DigitalEurope s’inquiète des conclusions rendues la semaine dernière par Yves Bot, avocat général de la Cour de justice de l’Union européenne, à propos de l’accord Safe Harbor.
Le groupe de pression, qui fédère 35 organisations professionnelles nationales – dont l’Afdel en France – et 59 entreprises du secteur parmi lesquelles Apple, Google, Microsoft et Oracle, craint un impact négatif « sur les flux internationaux de données » et redoute un préjudice « à la création d’un marché numérique unique en Europe ».

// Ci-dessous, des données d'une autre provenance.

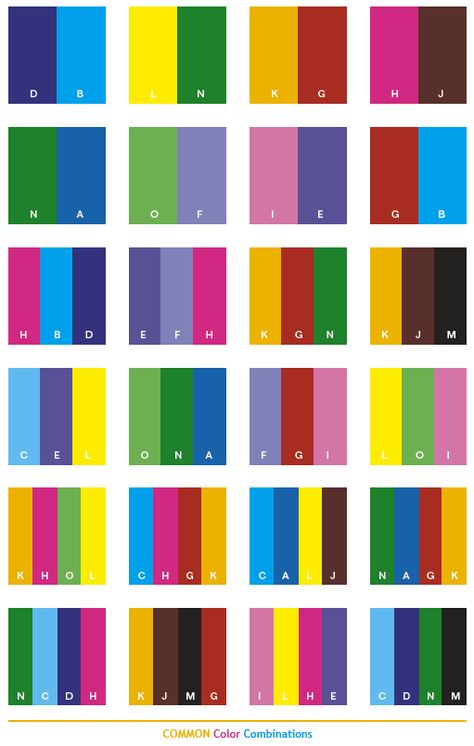 Color Schemes | Common color schemes, color combinations, color palettes for print ... Primary Color Combinations, Interesting Color Combinations, 4 Color Combinations, Three Color Combinations, Art Deco Color, Blue Color Combinations, Color Combinations For Clothes, 강아지 그림, Color Psychology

Le rapport présenté par Yves Bot n’a que valeur d’éclairage pour les magistrats de la CJUE, dont la décision définitive est attendue ultérieurement. Mais il suffit à alerter le lobby de l’industrie technologique.
A l’inverse, La Quadrature du Net salue « des conclusions claires et protectrices ». L’association de défense des droits et des libertés des citoyens évoque « un pas dans la bonne direction ».
Le verdict de l’avocat général s’inscrit dans le cadre d’un différend qui oppose Facebook à l’activiste autrichien Max Schrems. Ce dernier exige que la filiale européenne du réseau social américain – implantée en Irlande – cesse de transférer les données des citoyens européens, dans la mesure où les États-Unis n’assureraient pas un niveau de protection adéquat, notamment au regard du programme PRISM permettant à la NSA d’accéder librement aux informations stockées sur des serveurs situés sur le territoire américain.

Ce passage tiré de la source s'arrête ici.